*Work required:*
The listing is to be repeated exactly, and its pictures are to be left out.

========

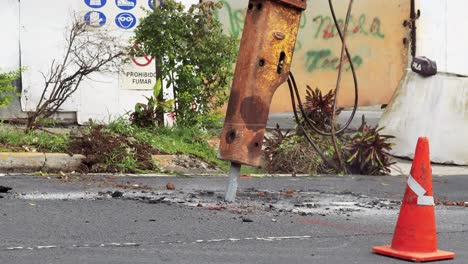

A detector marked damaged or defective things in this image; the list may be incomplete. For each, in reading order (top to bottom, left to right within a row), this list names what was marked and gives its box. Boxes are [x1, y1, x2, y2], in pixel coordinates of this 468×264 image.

rusty breaker attachment [219, 0, 308, 167]
cracked asphalt [0, 174, 468, 262]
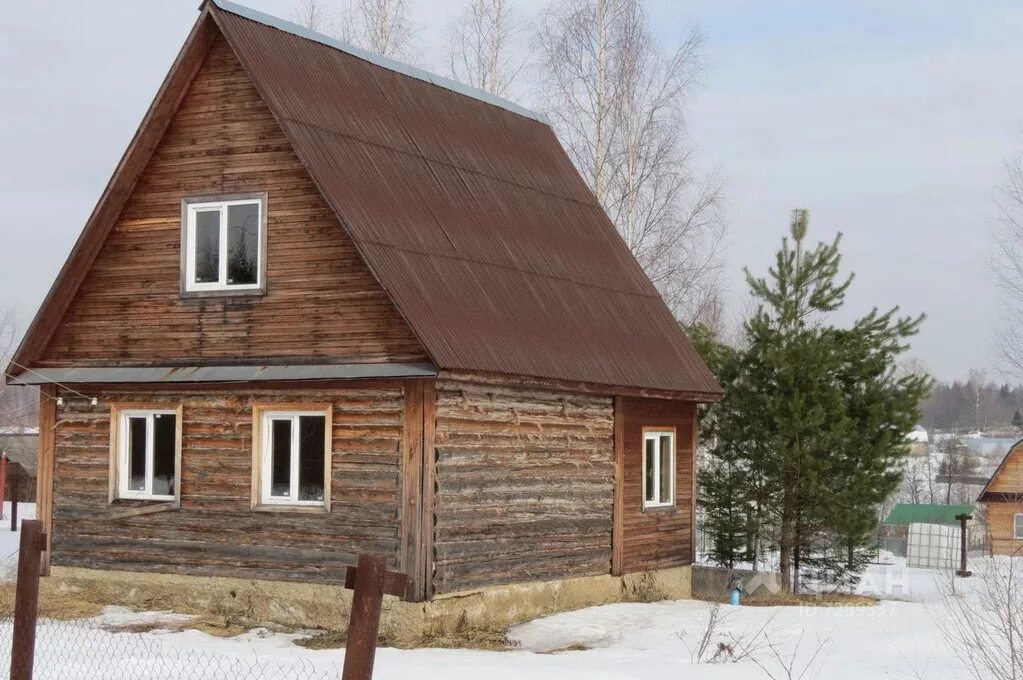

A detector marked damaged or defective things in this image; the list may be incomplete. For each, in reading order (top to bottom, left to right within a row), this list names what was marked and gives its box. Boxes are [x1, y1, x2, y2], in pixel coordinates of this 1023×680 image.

rusty corrugated roofing [210, 2, 720, 396]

========

*Reply:*
A detector marked damaged or defective things in this image; the list may be incomplete. For each, in reading order (top to bottom, left to right within a row), this list names what was marked and gives its box. Boxes are [x1, y1, x2, y2], in pixel coordinates of this 468×264 image.

rusty breaker attachment [219, 0, 308, 167]
cracked asphalt [0, 174, 468, 262]

A detector marked damaged or defective things in this image; the list may be incomplete. For each, in reading order (top to bottom, left to right within a row), this list names what was marked and gives its box. Boxes are [x1, y1, x2, y2], in pixel coordinates of this 1023×680 image.

rusty corrugated roofing [210, 2, 720, 396]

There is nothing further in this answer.